For the material that follows, return exactly the lines from the one with "如何安全地访问DotC？详解Tokenim的最佳实践" through the one with "Фотоловушки будут фиксировать", both ends included.

*** Opening Records provided ***

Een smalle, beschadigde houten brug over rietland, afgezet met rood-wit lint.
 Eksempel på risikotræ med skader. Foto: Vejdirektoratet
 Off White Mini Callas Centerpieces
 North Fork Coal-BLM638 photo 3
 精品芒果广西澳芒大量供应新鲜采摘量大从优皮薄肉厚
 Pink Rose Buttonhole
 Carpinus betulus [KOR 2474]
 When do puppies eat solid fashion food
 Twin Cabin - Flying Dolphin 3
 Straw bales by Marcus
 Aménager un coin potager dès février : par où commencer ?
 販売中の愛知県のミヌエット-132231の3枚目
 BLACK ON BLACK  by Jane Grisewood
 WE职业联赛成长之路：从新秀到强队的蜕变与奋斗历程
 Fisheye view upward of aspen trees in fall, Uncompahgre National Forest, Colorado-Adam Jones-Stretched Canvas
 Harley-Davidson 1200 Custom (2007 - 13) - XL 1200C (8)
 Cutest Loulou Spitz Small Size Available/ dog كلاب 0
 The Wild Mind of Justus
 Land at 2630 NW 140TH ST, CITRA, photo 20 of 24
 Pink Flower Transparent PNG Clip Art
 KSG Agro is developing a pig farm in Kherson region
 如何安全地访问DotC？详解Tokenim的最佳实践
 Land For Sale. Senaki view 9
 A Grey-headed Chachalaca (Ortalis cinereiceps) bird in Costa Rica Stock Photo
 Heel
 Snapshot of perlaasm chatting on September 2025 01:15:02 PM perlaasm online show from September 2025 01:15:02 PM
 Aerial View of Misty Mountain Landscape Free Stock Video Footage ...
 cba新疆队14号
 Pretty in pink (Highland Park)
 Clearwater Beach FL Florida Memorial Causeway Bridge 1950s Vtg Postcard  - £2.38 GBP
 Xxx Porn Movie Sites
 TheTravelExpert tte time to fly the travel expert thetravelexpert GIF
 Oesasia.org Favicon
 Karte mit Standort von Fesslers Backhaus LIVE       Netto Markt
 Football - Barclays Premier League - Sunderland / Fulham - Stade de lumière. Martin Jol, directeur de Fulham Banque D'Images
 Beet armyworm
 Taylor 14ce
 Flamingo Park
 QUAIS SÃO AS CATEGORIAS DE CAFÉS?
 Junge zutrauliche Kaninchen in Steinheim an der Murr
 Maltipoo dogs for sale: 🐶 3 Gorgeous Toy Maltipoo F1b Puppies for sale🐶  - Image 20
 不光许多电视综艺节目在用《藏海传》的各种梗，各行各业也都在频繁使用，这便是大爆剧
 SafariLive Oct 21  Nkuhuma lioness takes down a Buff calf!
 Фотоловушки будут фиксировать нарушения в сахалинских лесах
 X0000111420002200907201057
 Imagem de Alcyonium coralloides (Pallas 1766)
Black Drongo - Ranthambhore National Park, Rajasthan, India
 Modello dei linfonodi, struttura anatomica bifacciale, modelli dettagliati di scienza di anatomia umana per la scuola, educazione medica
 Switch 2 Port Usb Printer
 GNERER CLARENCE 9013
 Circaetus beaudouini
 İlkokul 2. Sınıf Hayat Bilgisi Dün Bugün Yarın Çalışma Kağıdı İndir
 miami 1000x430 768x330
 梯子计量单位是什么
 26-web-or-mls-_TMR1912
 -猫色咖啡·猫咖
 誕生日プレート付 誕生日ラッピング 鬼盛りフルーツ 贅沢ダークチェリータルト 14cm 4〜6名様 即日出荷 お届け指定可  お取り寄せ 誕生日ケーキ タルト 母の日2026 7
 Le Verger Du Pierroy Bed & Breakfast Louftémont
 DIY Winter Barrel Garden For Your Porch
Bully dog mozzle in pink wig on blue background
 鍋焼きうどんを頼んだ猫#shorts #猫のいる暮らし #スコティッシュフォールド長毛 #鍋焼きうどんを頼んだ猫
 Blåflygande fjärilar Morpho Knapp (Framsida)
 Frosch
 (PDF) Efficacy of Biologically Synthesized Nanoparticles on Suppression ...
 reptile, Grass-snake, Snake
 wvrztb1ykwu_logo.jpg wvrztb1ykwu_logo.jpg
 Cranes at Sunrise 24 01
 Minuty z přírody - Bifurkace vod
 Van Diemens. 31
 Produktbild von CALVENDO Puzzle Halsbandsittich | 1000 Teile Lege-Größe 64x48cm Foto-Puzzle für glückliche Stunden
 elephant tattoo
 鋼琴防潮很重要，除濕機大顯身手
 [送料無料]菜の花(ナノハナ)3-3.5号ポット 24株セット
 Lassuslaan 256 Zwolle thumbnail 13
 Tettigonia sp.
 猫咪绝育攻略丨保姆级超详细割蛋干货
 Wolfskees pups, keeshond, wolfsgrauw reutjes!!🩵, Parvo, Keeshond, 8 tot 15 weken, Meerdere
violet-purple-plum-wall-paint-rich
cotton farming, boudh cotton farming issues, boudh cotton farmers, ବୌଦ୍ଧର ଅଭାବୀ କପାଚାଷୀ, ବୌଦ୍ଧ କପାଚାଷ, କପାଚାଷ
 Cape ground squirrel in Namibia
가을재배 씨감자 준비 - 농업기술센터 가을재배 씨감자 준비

*** Closing Records provided ***

Response area:
 如何安全地访问DotC？详解Tokenim的最佳实践
 Land For Sale. Senaki view 9
 A Grey-headed Chachalaca (Ortalis cinereiceps) bird in Costa Rica Stock Photo
 Heel
 Snapshot of perlaasm chatting on September 2025 01:15:02 PM perlaasm online show from September 2025 01:15:02 PM
 Aerial View of Misty Mountain Landscape Free Stock Video Footage ...
 cba新疆队14号
 Pretty in pink (Highland Park)
 Clearwater Beach FL Florida Memorial Causeway Bridge 1950s Vtg Postcard  - £2.38 GBP
 Xxx Porn Movie Sites
 TheTravelExpert tte time to fly the travel expert thetravelexpert GIF
 Oesasia.org Favicon
 Karte mit Standort von Fesslers Backhaus LIVE       Netto Markt
 Football - Barclays Premier League - Sunderland / Fulham - Stade de lumière. Martin Jol, directeur de Fulham Banque D'Images
 Beet armyworm
 Taylor 14ce
 Flamingo Park
 QUAIS SÃO AS CATEGORIAS DE CAFÉS?
 Junge zutrauliche Kaninchen in Steinheim an der Murr
 Maltipoo dogs for sale: 🐶 3 Gorgeous Toy Maltipoo F1b Puppies for sale🐶  - Image 20
 不光许多电视综艺节目在用《藏海传》的各种梗，各行各业也都在频繁使用，这便是大爆剧
 SafariLive Oct 21  Nkuhuma lioness takes down a Buff calf!
 Фотоловушки будут фиксировать нарушения в сахалинских лесах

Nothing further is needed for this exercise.